Kenan mencium kening Diva lama setelah melakukan malam pertama mereka.
" Terimakasih yank, sudah menjaga kehormatan mu untuk ku. " Ucap Kenan mencium seluruh wajah Diva.
Diva Hanya tersenyum menanggapi ucapan Kenan, karena sudah lelah, dan sedikit merasa sedikit perih dibagian intinya.
" Apa masih sakit Yank ?" Tanya Kenan sedikit merasa bersalah.
" Yank, aku minta maaf. " Ucap Kenan mempererat pelukannya didalam selimut yang menutupi tubuh polos mereka.
Diva hanya menganggukkan kepala.
" Ini sudah menjadi kewajiban aku By'. " Jawab Diva membalas pelukan Kenan.
Kenan yang mendengar panggilan Diva kepadanya, langsung menatap Diva.
" Apa Yank, tadi kamu manggil aku By' ?" Tanya Kenan.
" Iya, mulai sekarang aku manggil kamu By' yang artinya hubby/suami. " Jawab Diva kembali menatap Kenan.
Kenan kembali mencium semua begian wajah Diva,dan kembali memeluknya.
Kini pasangan suami-istri itu tertidur lelap saling memeluk dibalik selimut, yang menutupi tubuh polos mereka.
Di pagi hari, Diva membuka matanya karena merasa ingin buang air kecil, diva segera beranjak bangun.

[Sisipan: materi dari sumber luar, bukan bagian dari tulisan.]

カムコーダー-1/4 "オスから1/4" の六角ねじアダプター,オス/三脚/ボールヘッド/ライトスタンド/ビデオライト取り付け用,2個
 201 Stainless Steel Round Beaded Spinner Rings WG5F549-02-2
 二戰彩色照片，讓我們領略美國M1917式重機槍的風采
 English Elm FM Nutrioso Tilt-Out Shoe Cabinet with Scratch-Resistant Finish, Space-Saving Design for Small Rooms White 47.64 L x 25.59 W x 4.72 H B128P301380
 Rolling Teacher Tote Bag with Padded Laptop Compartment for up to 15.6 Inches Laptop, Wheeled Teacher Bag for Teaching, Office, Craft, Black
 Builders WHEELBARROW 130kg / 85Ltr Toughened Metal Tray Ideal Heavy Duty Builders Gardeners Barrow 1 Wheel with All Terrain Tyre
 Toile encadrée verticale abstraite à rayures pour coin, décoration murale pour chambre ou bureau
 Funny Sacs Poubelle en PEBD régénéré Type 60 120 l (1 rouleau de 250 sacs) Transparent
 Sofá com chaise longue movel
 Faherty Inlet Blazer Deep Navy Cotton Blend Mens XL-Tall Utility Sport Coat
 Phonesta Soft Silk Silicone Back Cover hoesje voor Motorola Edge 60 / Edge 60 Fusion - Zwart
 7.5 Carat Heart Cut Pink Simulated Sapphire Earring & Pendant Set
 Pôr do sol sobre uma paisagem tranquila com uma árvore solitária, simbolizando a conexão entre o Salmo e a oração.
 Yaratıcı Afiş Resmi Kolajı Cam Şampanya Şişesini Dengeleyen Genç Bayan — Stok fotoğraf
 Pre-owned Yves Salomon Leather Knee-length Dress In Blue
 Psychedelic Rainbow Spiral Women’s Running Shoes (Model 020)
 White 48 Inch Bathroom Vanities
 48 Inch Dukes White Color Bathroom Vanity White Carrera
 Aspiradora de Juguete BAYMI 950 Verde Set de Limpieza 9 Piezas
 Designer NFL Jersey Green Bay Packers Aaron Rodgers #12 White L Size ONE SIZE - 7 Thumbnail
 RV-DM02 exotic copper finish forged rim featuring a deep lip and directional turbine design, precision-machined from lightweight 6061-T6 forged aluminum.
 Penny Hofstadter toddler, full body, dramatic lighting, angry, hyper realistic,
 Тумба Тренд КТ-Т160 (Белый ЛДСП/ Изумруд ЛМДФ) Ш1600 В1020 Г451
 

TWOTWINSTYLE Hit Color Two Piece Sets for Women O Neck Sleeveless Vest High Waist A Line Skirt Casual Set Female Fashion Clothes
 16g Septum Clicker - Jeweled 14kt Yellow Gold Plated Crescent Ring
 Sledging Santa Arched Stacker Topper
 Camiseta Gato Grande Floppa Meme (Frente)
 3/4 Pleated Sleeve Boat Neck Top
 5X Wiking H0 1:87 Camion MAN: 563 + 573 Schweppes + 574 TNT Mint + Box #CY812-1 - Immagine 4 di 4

" Ishh....Diva meringis merasakan sedikit perih dibagian intimnya.
Kenan yang mendengar Diva meringis sedikit membuka matanya karena masih sangat mengantuk, Tanpa merubah posisi tidurnya.
Kenan saat bangun, ketika mendengar Diva.
" Kamu kenapa Yank ?" Tanya Kenan, dengan mata yang masih sedikit tertutup.
" Aku mau kekamar mandi, tapi aku susah jalannya karena masih sedikit perih by'. " Jawab Diva.
Kenan segera membuka matanya lebar-lebar, karena mendengar ucapan istrinya, Kenan beranjak bangun mengambil semua pakaiannya yang berserakan karena ulah mereka semalam.
setelah Kenan memakai pakaiannya, ia Langsung menggendong Diva ala bridal style, menuju kamar mandi.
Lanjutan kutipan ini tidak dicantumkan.